# only one eye open?



## cbrunson (Oct 25, 2010)

There are several pros that shoot with one eye closed or at least squinted. Just pull up some pics from Vegas this year. I prefer to shoot with both open. But there are times when I have to close one, even if just long enough to get a good focus with my right eye.


----------



## theminoritydude (Feb 11, 2013)

jdjp said:


> I've been shooting target archery for about five years. I average a 300 with about 52-55 x's. I currently shoot with one eye open. I've tried shooting with both open but my groups were not as good. I know there are things out there to prevent double vision, but haven't tried them. So my question is can I get to the next level shooting like this, or do I have to force myself to shoot with both eyes open? Thanks for any help.


Wait 1 year. I'm designing a recurve sight to address this problem.


----------



## acesbettor (Mar 19, 2009)

jdjp said:


> I've been shooting target archery for about five years. I average a 300 with about 52-55 x's. I currently shoot with one eye open. I've tried shooting with both open but my groups were not as good. I know there are things out there to prevent double vision, but haven't tried them. So my question is can I get to the next level shooting like this, or do I have to force myself to shoot with both eyes open? Thanks for any help.


With your x count i doubt its really an eye issue, most likely more of a mental issue getting to the next level.


----------



## jdjp (Dec 11, 2013)

Thanks for the input guys. You're absolutely right acesbettor, it is mental. I guess what I meant to ask is. Do I have to have both eyes open to see everything I need to see. By that I mean, looking where I want the arrow to go, my "halo" in the bullseye, ect.


----------



## Inc. (Jul 5, 2013)

Do you by chance shoot with a hook , have a parrot, a peg leg and say R a lot ?
:wink:


----------



## acesbettor (Mar 19, 2009)

jdjp said:


> Thanks for the input guys. You're absolutely right acesbettor, it is mental. I guess what I meant to ask is. Do I have to have both eyes open to see everything I need to see. By that I mean, looking where I want the arrow to go, my "halo" in the bullseye, ect.


I really don't think so, I always check my level just before I get to aiming while my dot is above the x still and then I just start primarily focusing on the x and my scope/dot is secondary. I actually have to use a double vision blocker to prevent seeing the second sight picture. At least you don't have to deal with that.


----------



## jdjp (Dec 11, 2013)

No. I don't' t have a peg leg or a parrot. I'm just trying to get good advice from good shooters ( good people), so I can beat jokers like you. Go to a different forum with your brilliant posts. This is for target shooters trying to get better. Not for clowns like yourself.


----------



## Inc. (Jul 5, 2013)

jdjp said:


> No. I don't' t have a peg leg or a parrot. I'm just trying to get good advice from good shooters ( good people), so I can beat jokers like you. Go to a different forum with your brilliant posts. This is for target shooters trying to get better. Not for clowns like yourself.

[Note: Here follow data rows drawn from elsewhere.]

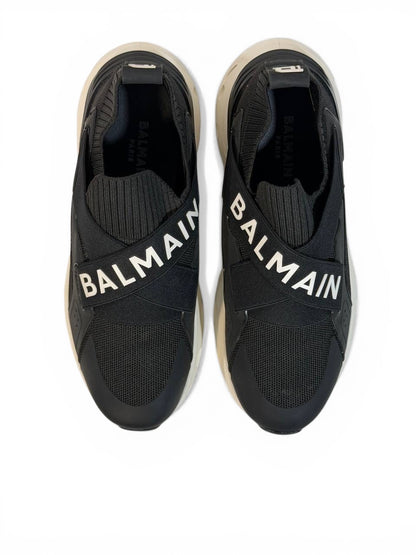 Balmain Logo Strap Sneakers 🖤⚡ | Bold Street Luxury
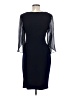 Connected Apparel 100% Polyester Blue Cocktail Dress Size 8 (petite) - photo 2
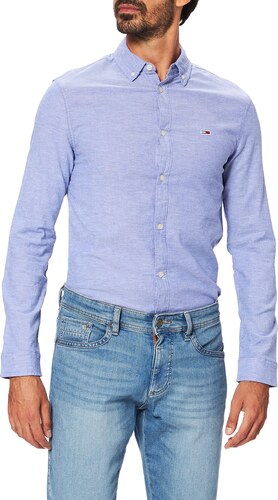 AUDATE Hemd Herren Regular Fit Button-down Shirt Herbst Winter Langarm Hemd Freizeithemd 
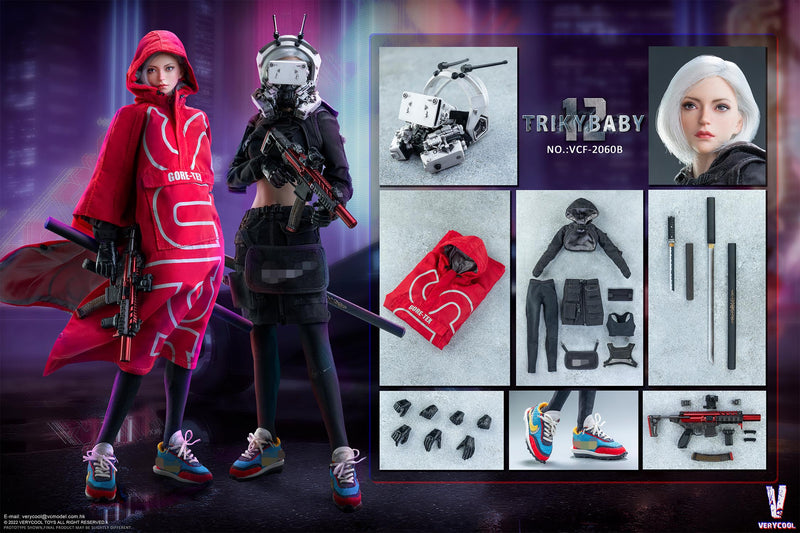 Load image into Gallery viewer, Tricky Baby - Resin Headset w/VR Goggles
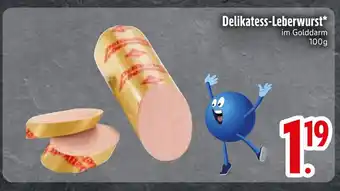 Edeka Delikatess-leberwurst Angebot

Have you tried loosening up that ring on your back side a bit ,it might help ?


----------



## joebehar (Nov 13, 2012)

I'm far from an expert but it seems to me that if 55 out of 60 arrows are hitting the X ring, it might be beneficial to shoot a bit more on a vegas target. The X ring there is half the size and may "force" you to tighten up on your sight picture.

55 Xs seems to indicate that you have pretty darn good form and consitency.


----------



## cbrunson (Oct 25, 2010)

jdjp said:


> No. I don't' t have a peg leg or a parrot. I'm just trying to get good advice from good shooters ( good people), so I can beat jokers like you. Go to a different forum with your brilliant posts. This is for target shooters trying to get better. Not for clowns like yourself.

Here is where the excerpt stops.